I've got three Mini2440s, all running the same software and Qt application but one of them freeze. It does not generate a segmentation fault so somewhere the Mini is getting stuck and can't get out of it. I do have the watchdog enabled to help recover from this problem but I want to resolve this without having the watchdogva to "fix" the problem. I've added debug values all over the code and output these values on the UART to see where it freezes in the software but the pattern is not consistent. I'm starting to think it could be hardware related because two boards are running fine and the other one doesn't. I'm using barebox with PTXdist. Barebox and the kernel is executed from the NAND and the Qt application is executed from the SD card. 1.) Do you guys have any idea how I can go about resolving this problem? 2.) Could the FLASH have bad sectors? How can I check for this in barebox? 3.) Could the RAM have bad sectors? How can I check for this in barebox? Any ideas or help will be appreciated. Thanks
MIni2440 Freeze
Can you run any programs on the bad mini2440? 2. As far as I am aware Barebox does a proper BBT setup, so this shouldn't be necessary. Try running the kernel from SD as well? 3. There must be some method of when RAM is accessed for the machine to know if it is working or not. http://computer.howstuffworks.com/ram1.htm Other functions of the memory controller include a series of tasks that include identifying the type, speed and amount of memory and checking for errors.

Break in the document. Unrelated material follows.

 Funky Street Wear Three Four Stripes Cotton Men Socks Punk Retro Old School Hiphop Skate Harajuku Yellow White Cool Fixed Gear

Yeah, everything works fine, only that it will freeze after a while. The freeze vary from startup to a few hours and can even sometimes take several days before it freezes.
Can you check if the size of the SDRAM the Kernel "believes" to have is the size the system provides physically? Maybe you have a 64 MiB system and the Kernel tries to use 128 MiB. And it always crashes when the memory gets filled up after a while and the kernel must use the non-existing SDRAM above 64 MiB.
Sure sounds like hardware. Can you swap SD cards without the problem following the SD? Are the boards mounted? Is it possible that there is some stress or torque on the bad board so that with heating and expansion, a cold joint or cracked trace produces a fault? Are you providing power with the barrel jack or the 4 wire 2mm connector?
Also, if you have a JTAG dongle you could take a memory snapshot when the kernel is frozen and try to analyze that (although that's certainly not an easy task).
There are probably many reasons for this to happen. How often does it happen? How much free memory do you have? Does syslog say anything? Can you attach a remote terminal and hope something gets flashed up on the screen? USB involved? I had a problem with a mains power relay corrupting a USB hub. Sure you are not losing power?